The Tax Practitioners Board has identified 2,000 high risk tax practitioners that are responsible for over $1 billion in overclaimed expenses, as it pledges to crackdown on the errant minority who tarnish the profession.

Speaking at the Tasmanian State Convention of the Tax Institute today, TPB chair Ian Klug announced that the regulator would “reset” its investigations and enforcement strategy to clampdown on 2,000 tax practitioners it has identified as being of the highest risk.

These 2,000 practitioners, which include unregistered advisers, have been identified by the TPB in conjunction with the ATO using data analytics.

While representing only 2.5 per cent of the 80,000-strong registered tax practitioner community, Mr Klug said these 2,000 highest-risk practitioners had significant leverage, often as the drivers or initiators of illegal tax schemes.

“These highest risk practitioners and unregistered agents have significant reach into the community, and are linked to around 4,600 controlled entities and 2.9 million associated clients,” said Mr Klug.

“Looking at one indicator of risk in these 2.9 million clients shows alarmingly high work-related expenses.

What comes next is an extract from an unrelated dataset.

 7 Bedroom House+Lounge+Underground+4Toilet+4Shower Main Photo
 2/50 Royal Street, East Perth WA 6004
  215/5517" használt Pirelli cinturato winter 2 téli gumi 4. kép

“Early analysis in the 2018 year suggests this overclaim will be higher than $1 billion.”

Mr Klug said the TPB’s work in this space has already proven fruitful, with 749 sanctions applied to rogue tax adviser in 2018-19, a 200 per cent increase over 2017-18.

The TPB’s new compliance focus follows on directly from the ATO’s individuals not in business tax gap report, which found an $8.7 billion tax gap attributed to a high adjustment rate to tax agent prepared returns, despite concerns over the ATO’s methodology.

The findings had prompted ATO Commissioner Chris Jordan to criticise some agents for failing to be “guardians of the system”.

In his speech, Mr Klug acknowledged that the TPB’s new body of work was intrinsically tied to the ATO’s tax gap program.

“Tax gap reduction is not just the job of the ATO. There’s a role for every Australian, and especially for tax practitioners and the TPB,” said Mr Klug.

“Tax practitioners who are involved in the black economy and related activities such as phoenixing are clearly at the more extreme end of the misconduct scale.

 “So while you could feel your practice is removed from the high stakes of the black economy, work-related expenses may bring the issue of misconduct a little closer to home,” he added.

“Incorrectly claiming work-related expenses may seem a low-risk activity, however registered tax practitioners risk their registration status by pushing the boundaries of appropriate claims.”